La fibra sí ha llegado a los tres municipios fronterizos: la Selva del Camp, Alforja y l’aleixar, a solo dos kilómetros. En Vilaplana ya sabemos qué pasará este otoño si hay un confinamiento o simplemente muchos más nos quedamos teletrabajando. El asunto se ha convertido en verano en tema top de las tertulias en la piscina, los restaurantes (3) o la charcutería (exquisita longaniza). Compartir las penas no sirve de mucho, pero algo alivia.
Hace pocos días acabé teletrabajando entre avellanos, con mi portátil sobre una puerta apoyada en dos caballitos de madera, a dos kilómetros del pueblo, buscando, !y encontrando!, una red menos saturada. Se me hizo de noche, se me acabó la batería y me picaron los mosquitos. Colgué la foto en Instagram y me volví a quejar, y algunos me felicitaron, de buena fe, por montar la oficina en un entorno tan idílico. Y un cuerno (con perdón).
Tanta es la desesperación, sumada a la incertidumbre, que algunos vecinos estamos probando suerte con el internet vía satélite, previa instalación de una antena parabólica en el tejado: 49,99 euros al mes por 30 veloces megas más un año de permanencia. Una ganga. La cosa había mejorado, la conexión era más estable y los cabreos habían menguado.
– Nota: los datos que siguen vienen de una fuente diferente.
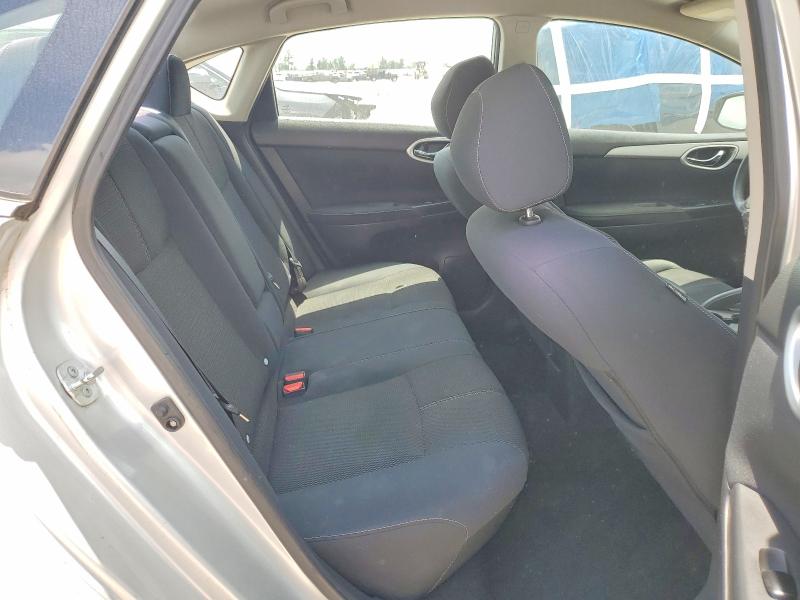 Aukcja sprzedaży 2015 Nissan Sentra, vin: 3N1AB7AP9FY376412, numer aukcji: 50330336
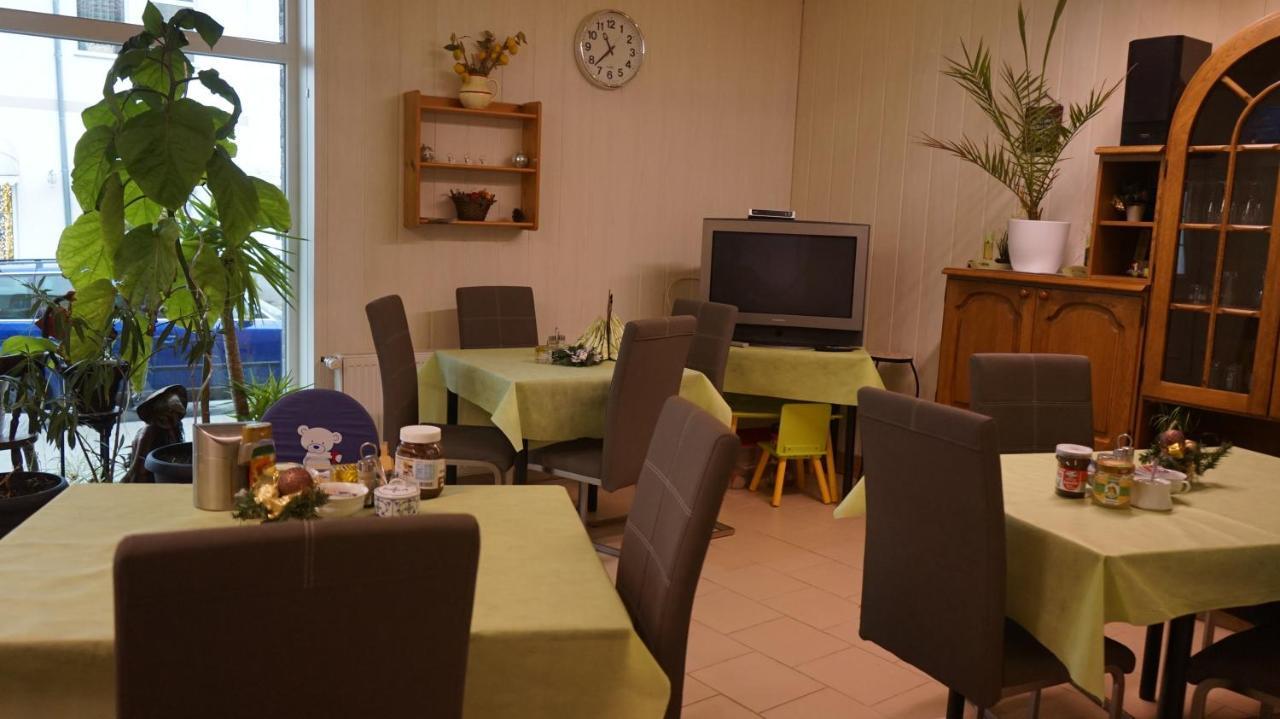 Pension Im Glueck Thale Luaran gambar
El viernes pasado, con la tormenta, perdí varios minutos la conexión. Nada grave, pero recuerdo el comercial que me aseguró que estaba contratando el internet que utilizan aviones y barcos: “¡¿No les vamos a dejar a ellos colgados?!”. A mí, quizás sí.
Hace dos noches, aliviado con mi nueva conexión, siempre que no truene, la cosa empezó a embarrancar. Cargando... Perdí la paciencia, canté un mantra y me fui a la cama a leer. Por la mañana llamé a la compañía, con sede en Carlsbad (California), y me comunicaron que hay un cable de la instalación que se sobrecarga, siete días después del estreno. Un técnico volverá a subir mañana a mi tejado. ¿Han visto qué panorámica de la Mussara?